Swasti: We begin with explaining how public policy is a broad framework of the purpose and process for addressing a social, economic, technological or environmental issue and is essentially rooted in what the governments choose to do or not to do. This helps the recruiters in understanding why it needs to be treated as an independent and professional service. This is done by invoking the examples of increasing number of specialist positions like Economic Advisors, Defence Advisors, and Public Health Consultants etc. within the Government. It is also done using examples of political consultancies which are increasingly focusing on bringing policy convergence.

From our experience, it has been witnessed that organisations in the development sector are better placed to recognise this growing importance while organisations which deal with technical areas such as energy, infrastructure, defence, and technology are still struggling with understanding what job roles should be assigned to policy analysts and consultants.

Paras: Students have an important say in matters related to academics, extracurricular activities and other student activities in NLSIU. This helps the students to interact with the decision makers at all levels in the university, and with this experience, they learn about the nitty-gritty of administration.
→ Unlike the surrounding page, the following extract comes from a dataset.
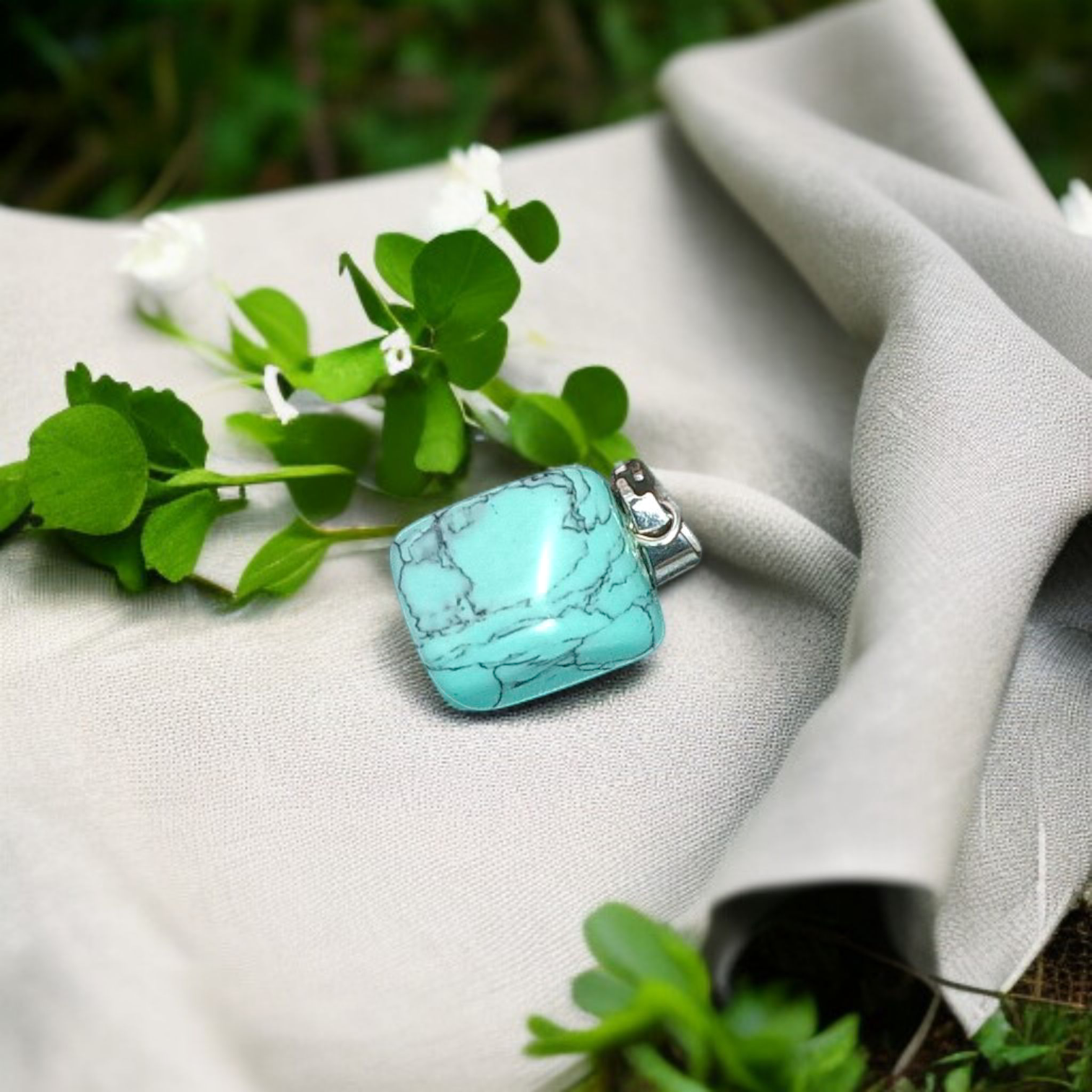 Tumbled turquoise blue howlite pendant with chain – calming and certified healing stone necklace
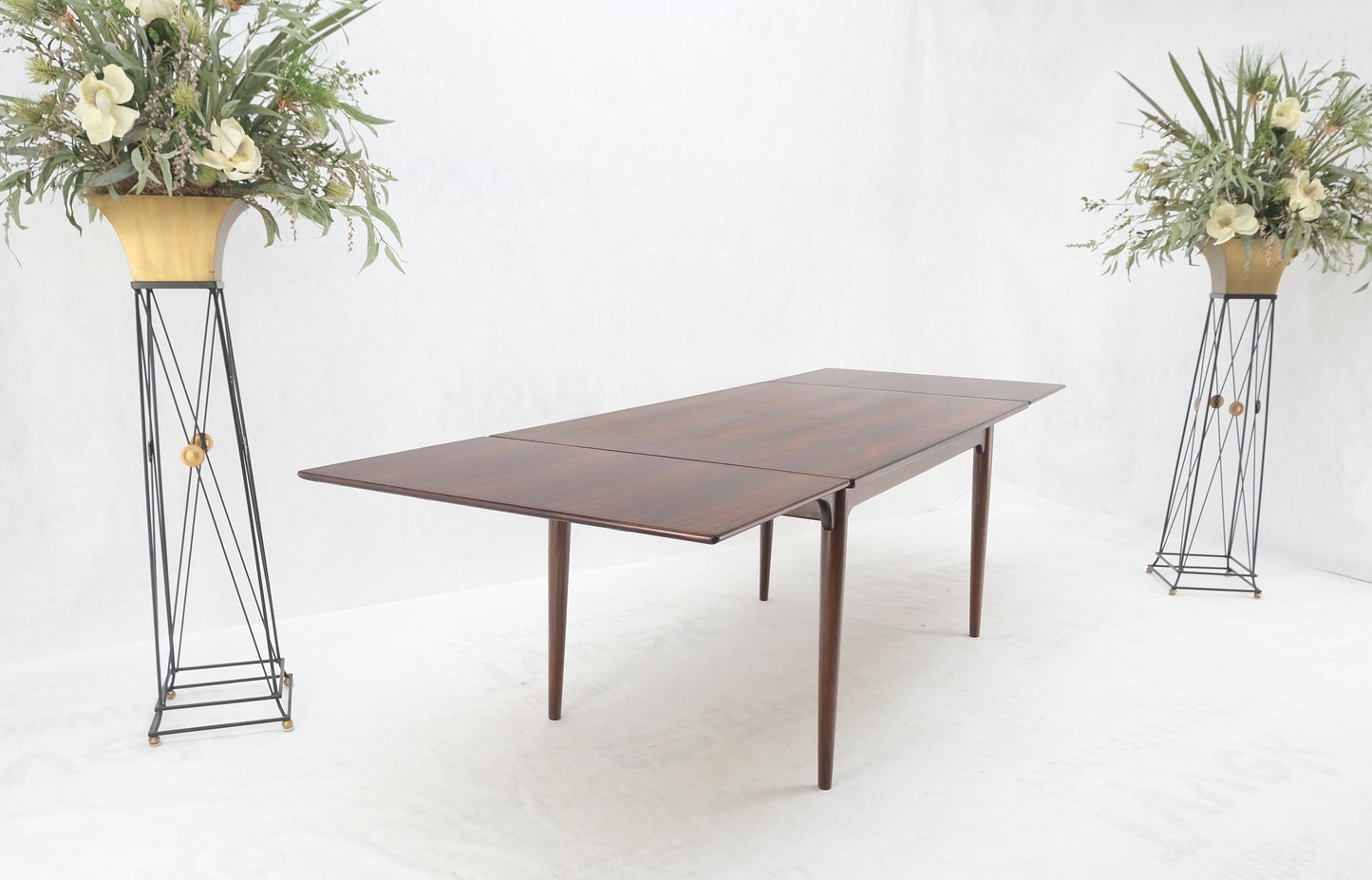 Large Danish Mid-Century Modern Rosewood Refectory Leaves Dining Table Mint!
A public policy professional is the ideal choice for the industry as someone who can communicate with the government, to not only speak the language of law but also understand the sensitive nature of public issues.

  1. What makes the MPP course at NLSIU stand out in comparison to Public Policy courses at other institutions in India? How important is the convergence between law and policy from the recruiters’ perspective?

Swasti: Well, in India law still remains the key engine to drive policy design. Public policy at NLSIU reflects a balanced transition from this traditional approach to a more dynamic policy approach. Experts both in the private and public sector are gradually realising the benefits of having a professional who understands the administrative pressures while formulating and implementing a policy. E.g. Why it is important to speed up the publication of policy briefs during the Budget Session, analyse public comments on a draft policy in a limited timeframe, embedding Key Performance Indicators (KPIs) in the policy design itself to help monitoring and evaluation etc.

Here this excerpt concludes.